What Is Phalloplasty?

Phalloplasty is the creation or reconstruction of a penis using someone’s own tissue.

What Is Phalloplasty?

What Is Phalloplasty?

What Is Phalloplasty?

Published
September 24, 2021
— Updated
Medically Reviewed by
3 minutes

What is phalloplasty?

Phalloplasty is the creation or reconstruction of a penis using someone’s own tissue. [1] Some transmasculine (assigned female at birth but having a masculine gender identity) or nonbinary people choose to have a phalloplasty as part of gender affirmation treatment. [2] Phalloplasty is also an option for people assigned male who lose their penis due to accidents or illness, or for masculine-identified people who are intersex or have other developmental differences that cause them to be born without a penis. [3]

People may choose phalloplasty surgery to make their body’s appearance match their internal identity, to have a functional penis that lets them have penetrative sex, to give them the ability to pee standing up, or all the above. [3]

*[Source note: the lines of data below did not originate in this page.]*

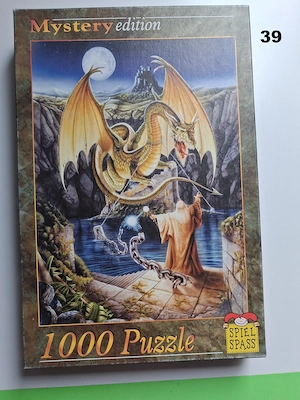 Puzzle 1000 Teile, Spielspass: Befreiung des Drachen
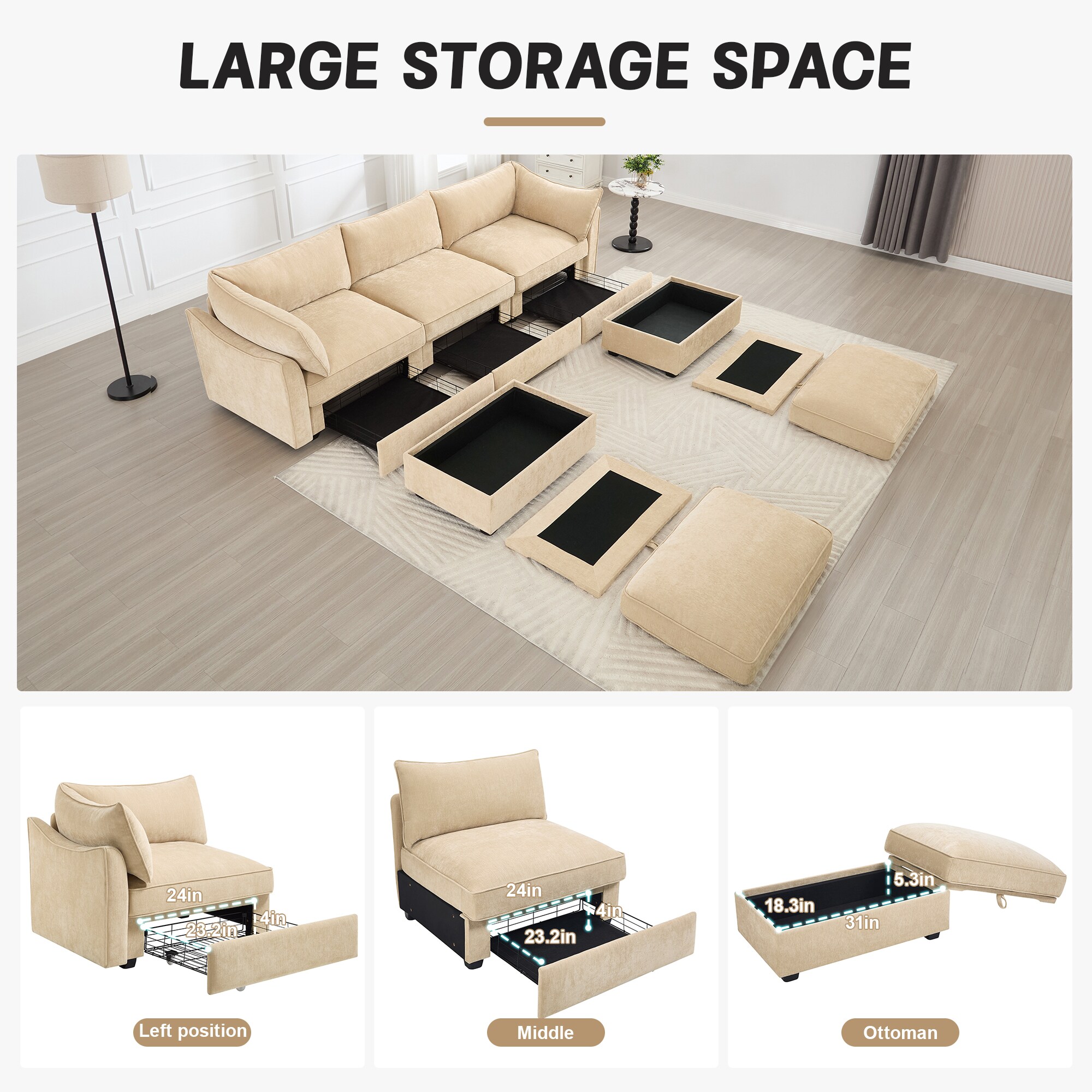 Bybafun YB9000052 Living-Room-Sets - View #3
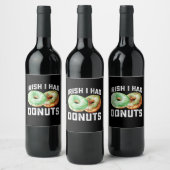 Étiquette Pour Bouteilles De Vin Irlandais J'avais des amoureux de beignets Funny S (Bouteilles)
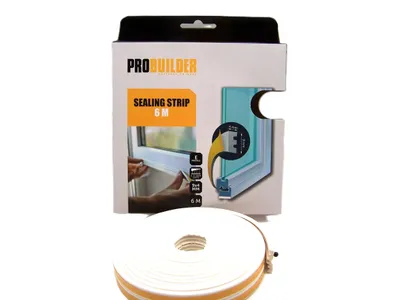 Produktbild von Fenster Tür Zugluftstopper Zugluftdichtung E - Profil 9 x 4 mm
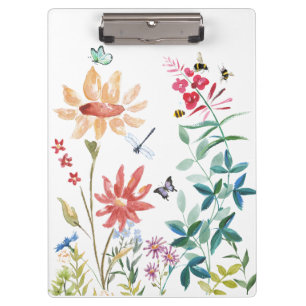 Carpeta De Pinza Flores silvestres acuáticas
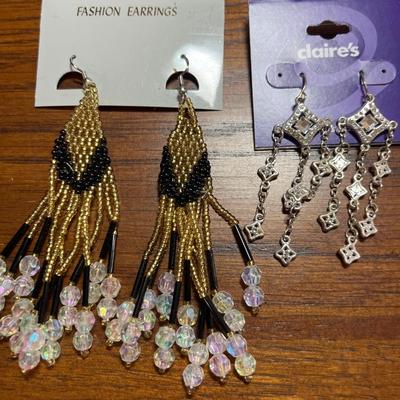 Pierced earrings & one necklace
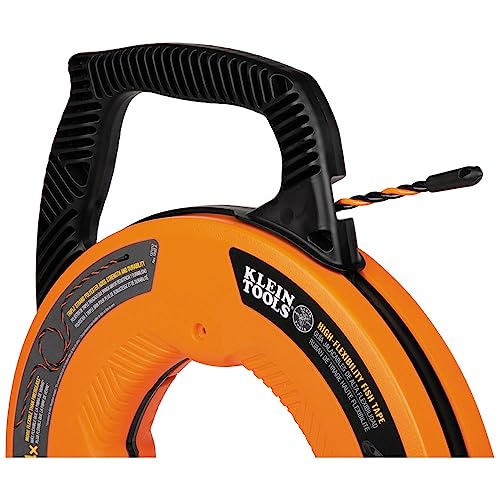 75-Foot Fish Tape – 1/4-Inch Hi-Flex Polyester Wire Pulling Tool with Bright Orange Strand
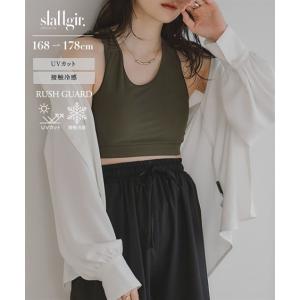 ラッシュガード トールサイズ レディース 高身長 ブラトップ UVカット 接触冷感 夏 大きいサイズ かわいい おしゃれ | LL/3L | ニッセン nissen
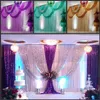 wedding stage curtain with Beatiful Swag Wedding drape and curtain wedding backdrop 3m 6m marriage stage curtain244c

Phalloplasty surgery steps

Phalloplasty is a complex procedure that’s often completed in several steps. [4] Each patient’s treatment plan is unique and decided in collaboration with their surgical team; for some people, phalloplasty involves many different steps, while others may opt to have fewer procedures depending on their ultimate goals. [4]

Here are some common stages involved in phalloplasty:

1. Creation of the penis (aka “neophallus,” or “new penis”)

A “new” penis or “neophallus” [5] is created using skin from a donor site (usually the forearm, thigh, or lower torso) on the patient’s body. A urethra (the tube that moves urine out of the body from the bladder) may be created at the same time using tissue from the patient’s groin or the inside of their mouth or vagina. [3] Hair removal is usually done on the donor site well in advance of phalloplasty surgery. [1]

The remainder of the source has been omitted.